When Spokane City Council resumes in the new year after its holiday break, it’ll consider a revision to its public forum rules, an ordinance mandating sick leave for workers, a controversial initiative petition and more as the year unfolds.
On January 4, the first council meeting of the new year, the council will take up proposed amendments to its public comment rules. Currently, the council has a half-hour open forum period at the beginning and end of its Monday night meetings where anyone has three minutes to tell the council almost anything.
A cast of regulars typically shows up each week, including civic gadfly George McGrath, who routinely berates the council
for its liberal orientation. At times, open forum has taken an abrasive and bizarre tone.
Council President Ben Stuckart also says council isn’t getting a wide variety of feedback from the public because the same people show week after week, which is why he’s proposed changes to the rules.
“I think the most significant [proposed change] is that during open forum people will be allowed to testify once a month,” says Stuckart. “And the impetus for that was when I was out doorbelling [for reelection] that was really the most common complaint. People feel when you have the same eight people testify every week, people don’t feel like they can come down and have their voices heard.”
Councilman Mike Fagan, the council’s sole conservative, says he’ll be voting no.
“Well, the one thing I am going to remind my colleagues of on the dais is the people are paying our salaries, and obviously public comment is very very important,” says Fagan. “I would sure hate to think that the changes being brought on just because of the comments of a few people because if that’s the case I would say what a bunch of wussies the city council are if they can’t sit and listen to criticism as well as praise.”
On January 11, the council will be holding a hearing on an initiative petition that would undo an ordinance that prohibits police and other city employees from making contact with individuals solely based on their immigration status. The petition has enough valid signatures to qualify for the November 2017 ballot, but its sponsor, truck driver Jackie Murray, is seeking to disassociate herself from the measure
, which has put the city in a highly unusual position.
Stuckart, an opponent of the petition, says that he’s met with city attorneys who describe the situation as a “quandary.” In response, he says the council will neither move to put the measure on the ballot nor move to quash it, effectively leaving it in a state of limbo.
“We are just going to let it sit there for a year and if someone wants to file in court to force us to put it on the ballot, we’ll see how we respond,” he says.
Fagan, a supporter of the petition, says that illegal immigration is a “scourge” in the city that brings in illegal drugs.
“I think the council president would be doing a huge disservice to the people who signed it expecting to bring it to the ballot,” say Fagan.
At the same meeting, the council will also be taking up an ordinance mandating that private employers in the city of Spokane provide a way for their workers to earn time off to deal with illness or domestic violence. Members of council announced the policy in March
with hopes of getting it passed by the summer, only to have it derailed over internal divisions in the liberal voting bloc
that dominates the city’s legislative body.

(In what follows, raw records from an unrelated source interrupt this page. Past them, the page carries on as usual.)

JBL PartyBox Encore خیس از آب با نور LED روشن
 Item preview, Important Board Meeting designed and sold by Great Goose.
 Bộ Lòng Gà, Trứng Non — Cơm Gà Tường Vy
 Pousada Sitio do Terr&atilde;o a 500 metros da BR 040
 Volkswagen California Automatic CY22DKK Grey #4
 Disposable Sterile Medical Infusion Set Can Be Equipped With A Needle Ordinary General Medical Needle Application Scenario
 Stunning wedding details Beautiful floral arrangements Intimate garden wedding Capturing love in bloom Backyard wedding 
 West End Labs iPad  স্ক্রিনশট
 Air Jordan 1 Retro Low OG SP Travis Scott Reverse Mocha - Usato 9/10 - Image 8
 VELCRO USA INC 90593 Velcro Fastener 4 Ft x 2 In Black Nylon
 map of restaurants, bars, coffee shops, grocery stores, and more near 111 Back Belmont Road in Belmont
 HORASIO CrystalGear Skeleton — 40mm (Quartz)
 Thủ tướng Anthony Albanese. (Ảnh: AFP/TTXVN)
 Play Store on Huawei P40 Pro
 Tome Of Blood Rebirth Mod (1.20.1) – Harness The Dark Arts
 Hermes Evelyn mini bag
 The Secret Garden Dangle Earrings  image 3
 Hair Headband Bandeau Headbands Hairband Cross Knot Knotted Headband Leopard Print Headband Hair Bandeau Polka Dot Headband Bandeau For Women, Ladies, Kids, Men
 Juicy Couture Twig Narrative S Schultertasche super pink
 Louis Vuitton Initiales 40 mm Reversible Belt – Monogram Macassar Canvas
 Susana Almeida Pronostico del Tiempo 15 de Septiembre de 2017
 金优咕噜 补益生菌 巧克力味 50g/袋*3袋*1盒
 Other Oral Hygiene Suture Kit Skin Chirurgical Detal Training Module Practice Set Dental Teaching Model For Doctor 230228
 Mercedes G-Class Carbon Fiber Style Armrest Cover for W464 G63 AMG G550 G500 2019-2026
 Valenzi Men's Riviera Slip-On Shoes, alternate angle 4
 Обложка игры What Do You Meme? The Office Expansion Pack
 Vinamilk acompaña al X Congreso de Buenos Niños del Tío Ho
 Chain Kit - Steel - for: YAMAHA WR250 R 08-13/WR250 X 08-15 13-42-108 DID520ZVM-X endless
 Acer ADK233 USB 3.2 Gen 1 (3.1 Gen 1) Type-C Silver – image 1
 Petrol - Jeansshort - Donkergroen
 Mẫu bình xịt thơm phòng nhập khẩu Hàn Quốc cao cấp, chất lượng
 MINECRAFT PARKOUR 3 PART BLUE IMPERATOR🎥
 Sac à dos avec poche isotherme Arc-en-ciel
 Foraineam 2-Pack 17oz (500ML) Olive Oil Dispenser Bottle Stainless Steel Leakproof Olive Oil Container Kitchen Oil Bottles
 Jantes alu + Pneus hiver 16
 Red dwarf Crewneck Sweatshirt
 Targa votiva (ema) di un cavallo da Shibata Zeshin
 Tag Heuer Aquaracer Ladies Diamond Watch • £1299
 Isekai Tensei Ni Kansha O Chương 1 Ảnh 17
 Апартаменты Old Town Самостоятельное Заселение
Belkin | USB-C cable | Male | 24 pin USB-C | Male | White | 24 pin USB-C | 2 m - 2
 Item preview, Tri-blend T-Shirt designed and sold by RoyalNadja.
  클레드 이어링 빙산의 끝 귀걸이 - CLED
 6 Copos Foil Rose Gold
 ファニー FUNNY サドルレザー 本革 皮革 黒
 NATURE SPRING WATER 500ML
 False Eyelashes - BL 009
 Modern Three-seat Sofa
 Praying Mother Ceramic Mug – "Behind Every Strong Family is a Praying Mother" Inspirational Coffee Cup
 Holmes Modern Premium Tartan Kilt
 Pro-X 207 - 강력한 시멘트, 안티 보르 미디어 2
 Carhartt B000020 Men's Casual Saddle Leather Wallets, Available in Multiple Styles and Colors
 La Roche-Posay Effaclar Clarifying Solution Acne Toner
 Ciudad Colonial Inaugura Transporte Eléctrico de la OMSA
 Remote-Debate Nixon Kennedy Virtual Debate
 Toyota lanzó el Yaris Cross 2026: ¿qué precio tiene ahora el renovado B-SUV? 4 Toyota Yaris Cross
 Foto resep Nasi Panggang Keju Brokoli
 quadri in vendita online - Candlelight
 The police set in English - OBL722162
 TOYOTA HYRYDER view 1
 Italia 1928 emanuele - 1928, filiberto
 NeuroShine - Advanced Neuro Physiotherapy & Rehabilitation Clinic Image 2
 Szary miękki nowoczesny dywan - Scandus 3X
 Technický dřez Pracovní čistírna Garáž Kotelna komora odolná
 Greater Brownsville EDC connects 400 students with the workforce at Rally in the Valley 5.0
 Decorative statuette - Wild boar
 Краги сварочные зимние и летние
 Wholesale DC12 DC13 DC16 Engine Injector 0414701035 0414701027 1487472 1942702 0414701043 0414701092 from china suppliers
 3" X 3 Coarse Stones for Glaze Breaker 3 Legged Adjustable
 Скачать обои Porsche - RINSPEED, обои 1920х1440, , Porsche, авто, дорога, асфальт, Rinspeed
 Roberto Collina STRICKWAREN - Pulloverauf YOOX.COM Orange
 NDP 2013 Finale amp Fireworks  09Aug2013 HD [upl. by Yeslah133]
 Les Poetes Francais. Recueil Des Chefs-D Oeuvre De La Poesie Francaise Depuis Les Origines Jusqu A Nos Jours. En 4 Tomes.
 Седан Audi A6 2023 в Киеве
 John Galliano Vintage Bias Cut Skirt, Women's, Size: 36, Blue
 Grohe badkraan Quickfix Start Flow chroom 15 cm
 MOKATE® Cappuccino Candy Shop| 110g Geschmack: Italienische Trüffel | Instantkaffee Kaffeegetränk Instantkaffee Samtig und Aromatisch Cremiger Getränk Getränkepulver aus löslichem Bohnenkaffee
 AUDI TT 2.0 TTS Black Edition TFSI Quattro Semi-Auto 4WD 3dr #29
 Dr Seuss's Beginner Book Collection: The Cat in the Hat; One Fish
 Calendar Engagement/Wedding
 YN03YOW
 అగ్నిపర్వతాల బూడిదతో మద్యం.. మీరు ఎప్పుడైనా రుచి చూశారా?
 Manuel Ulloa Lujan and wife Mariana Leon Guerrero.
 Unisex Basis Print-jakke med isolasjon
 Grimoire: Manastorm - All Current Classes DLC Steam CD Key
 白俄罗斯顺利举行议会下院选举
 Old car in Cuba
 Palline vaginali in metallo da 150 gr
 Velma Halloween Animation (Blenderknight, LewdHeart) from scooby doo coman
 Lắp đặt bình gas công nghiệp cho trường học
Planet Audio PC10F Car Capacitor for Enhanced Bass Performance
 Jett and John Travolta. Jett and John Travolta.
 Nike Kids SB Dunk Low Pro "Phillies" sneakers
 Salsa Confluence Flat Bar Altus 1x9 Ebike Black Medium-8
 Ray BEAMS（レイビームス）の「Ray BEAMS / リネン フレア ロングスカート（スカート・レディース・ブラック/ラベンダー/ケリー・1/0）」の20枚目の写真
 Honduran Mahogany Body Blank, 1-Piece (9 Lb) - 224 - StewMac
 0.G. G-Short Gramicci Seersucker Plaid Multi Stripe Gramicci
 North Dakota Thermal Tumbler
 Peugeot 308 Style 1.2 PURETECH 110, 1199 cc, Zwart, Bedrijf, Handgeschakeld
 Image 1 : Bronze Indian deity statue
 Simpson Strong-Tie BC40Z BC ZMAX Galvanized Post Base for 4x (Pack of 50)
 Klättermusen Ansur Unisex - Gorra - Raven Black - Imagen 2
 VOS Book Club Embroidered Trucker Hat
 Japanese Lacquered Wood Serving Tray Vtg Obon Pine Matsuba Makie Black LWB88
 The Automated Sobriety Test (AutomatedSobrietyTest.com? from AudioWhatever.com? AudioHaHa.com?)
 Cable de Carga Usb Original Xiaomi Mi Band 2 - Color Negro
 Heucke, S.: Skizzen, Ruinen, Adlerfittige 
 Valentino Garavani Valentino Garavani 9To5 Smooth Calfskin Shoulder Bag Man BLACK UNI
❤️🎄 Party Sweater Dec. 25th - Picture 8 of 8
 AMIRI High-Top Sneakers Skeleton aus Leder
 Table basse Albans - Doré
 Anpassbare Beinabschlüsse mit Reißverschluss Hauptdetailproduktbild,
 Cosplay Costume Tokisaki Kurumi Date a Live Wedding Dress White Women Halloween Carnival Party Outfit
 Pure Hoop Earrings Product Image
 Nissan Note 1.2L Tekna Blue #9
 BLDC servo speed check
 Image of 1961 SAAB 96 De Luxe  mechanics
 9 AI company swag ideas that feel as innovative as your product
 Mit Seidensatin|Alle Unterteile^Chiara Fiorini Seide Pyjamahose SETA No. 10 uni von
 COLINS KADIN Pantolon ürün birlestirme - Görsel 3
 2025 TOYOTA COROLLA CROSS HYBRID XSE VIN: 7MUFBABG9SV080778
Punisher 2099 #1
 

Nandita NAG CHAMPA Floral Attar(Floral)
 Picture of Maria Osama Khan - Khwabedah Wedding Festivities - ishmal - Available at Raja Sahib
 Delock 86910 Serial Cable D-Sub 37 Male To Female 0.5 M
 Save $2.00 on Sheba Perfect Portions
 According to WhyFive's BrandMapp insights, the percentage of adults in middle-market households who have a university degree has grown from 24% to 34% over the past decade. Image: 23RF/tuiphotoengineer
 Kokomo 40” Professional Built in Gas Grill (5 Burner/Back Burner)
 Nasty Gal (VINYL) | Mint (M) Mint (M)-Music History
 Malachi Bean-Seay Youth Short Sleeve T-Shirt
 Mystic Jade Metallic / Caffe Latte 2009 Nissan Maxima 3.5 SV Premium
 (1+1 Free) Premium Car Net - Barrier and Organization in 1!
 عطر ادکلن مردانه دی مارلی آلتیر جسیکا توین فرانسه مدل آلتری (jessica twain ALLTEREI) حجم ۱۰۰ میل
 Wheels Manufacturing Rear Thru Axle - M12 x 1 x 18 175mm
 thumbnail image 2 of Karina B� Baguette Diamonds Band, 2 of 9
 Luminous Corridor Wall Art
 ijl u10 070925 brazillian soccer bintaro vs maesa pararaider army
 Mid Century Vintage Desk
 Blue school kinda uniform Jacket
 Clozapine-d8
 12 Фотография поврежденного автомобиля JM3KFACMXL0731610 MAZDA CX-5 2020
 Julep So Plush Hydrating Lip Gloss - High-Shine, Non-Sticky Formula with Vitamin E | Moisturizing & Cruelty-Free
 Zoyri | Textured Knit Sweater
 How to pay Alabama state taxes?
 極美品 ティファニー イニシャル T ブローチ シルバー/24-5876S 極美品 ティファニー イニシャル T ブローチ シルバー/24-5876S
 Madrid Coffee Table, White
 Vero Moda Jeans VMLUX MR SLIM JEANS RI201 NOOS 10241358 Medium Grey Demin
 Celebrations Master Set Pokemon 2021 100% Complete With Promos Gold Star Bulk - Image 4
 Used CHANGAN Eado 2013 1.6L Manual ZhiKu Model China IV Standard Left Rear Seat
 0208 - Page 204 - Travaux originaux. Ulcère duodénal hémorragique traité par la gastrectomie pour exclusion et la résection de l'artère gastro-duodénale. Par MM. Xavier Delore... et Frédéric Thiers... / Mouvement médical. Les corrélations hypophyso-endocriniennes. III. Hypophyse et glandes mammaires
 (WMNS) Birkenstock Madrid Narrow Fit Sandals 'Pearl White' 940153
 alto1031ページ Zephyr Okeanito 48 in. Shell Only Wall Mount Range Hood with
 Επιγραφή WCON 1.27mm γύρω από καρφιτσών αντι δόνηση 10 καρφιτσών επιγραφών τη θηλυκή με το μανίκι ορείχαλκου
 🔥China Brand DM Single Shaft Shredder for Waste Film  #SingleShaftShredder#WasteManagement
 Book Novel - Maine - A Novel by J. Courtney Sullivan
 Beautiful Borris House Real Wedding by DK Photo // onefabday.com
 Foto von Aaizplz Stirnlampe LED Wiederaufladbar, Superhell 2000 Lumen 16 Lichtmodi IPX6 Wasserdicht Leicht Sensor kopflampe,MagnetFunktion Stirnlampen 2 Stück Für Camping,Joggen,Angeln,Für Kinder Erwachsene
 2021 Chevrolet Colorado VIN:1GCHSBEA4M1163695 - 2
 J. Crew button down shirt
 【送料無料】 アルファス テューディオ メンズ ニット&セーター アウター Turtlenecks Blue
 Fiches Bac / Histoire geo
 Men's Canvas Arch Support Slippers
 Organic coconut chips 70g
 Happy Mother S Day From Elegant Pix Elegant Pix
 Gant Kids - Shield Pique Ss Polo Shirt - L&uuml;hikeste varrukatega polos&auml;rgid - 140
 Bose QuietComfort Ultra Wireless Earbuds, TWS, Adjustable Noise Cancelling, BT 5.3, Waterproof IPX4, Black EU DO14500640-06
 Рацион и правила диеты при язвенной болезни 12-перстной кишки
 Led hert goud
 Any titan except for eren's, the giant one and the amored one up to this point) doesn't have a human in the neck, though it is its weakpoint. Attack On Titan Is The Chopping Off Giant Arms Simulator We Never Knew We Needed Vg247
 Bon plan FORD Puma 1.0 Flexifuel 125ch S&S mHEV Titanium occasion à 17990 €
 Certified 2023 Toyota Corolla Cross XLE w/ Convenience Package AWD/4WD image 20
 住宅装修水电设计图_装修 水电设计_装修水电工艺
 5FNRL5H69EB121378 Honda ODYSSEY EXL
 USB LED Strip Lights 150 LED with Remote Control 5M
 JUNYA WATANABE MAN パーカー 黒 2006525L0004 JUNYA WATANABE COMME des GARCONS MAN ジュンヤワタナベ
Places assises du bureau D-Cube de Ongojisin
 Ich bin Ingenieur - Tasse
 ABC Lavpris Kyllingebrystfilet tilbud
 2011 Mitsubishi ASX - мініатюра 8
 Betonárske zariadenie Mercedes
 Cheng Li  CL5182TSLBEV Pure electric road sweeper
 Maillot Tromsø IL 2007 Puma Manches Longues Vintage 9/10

The ordinance has been revised to exclude the construction industry as well as seasonal, temporary and domestic workers. But Stuckart says that Greater Spokane Inc. (which wasn’t immediately available for comment) recently came out against it. Stuckart says he thinks he has the votes on council to get it passed, as well as support from citizens.
“I’ve heard from at least three times as many citizens supporting the change than people contacting me against passing it,” he says.
Other issues Stuckart may take up in 2016 include an expansion of the city’s “ban the box” policy
to private businesses and finding permanent funding for arts programs.
Fagan says he'll oppose the paid sick leave ordinance and worries that a hike in the minimum wage or a gun tax could be next.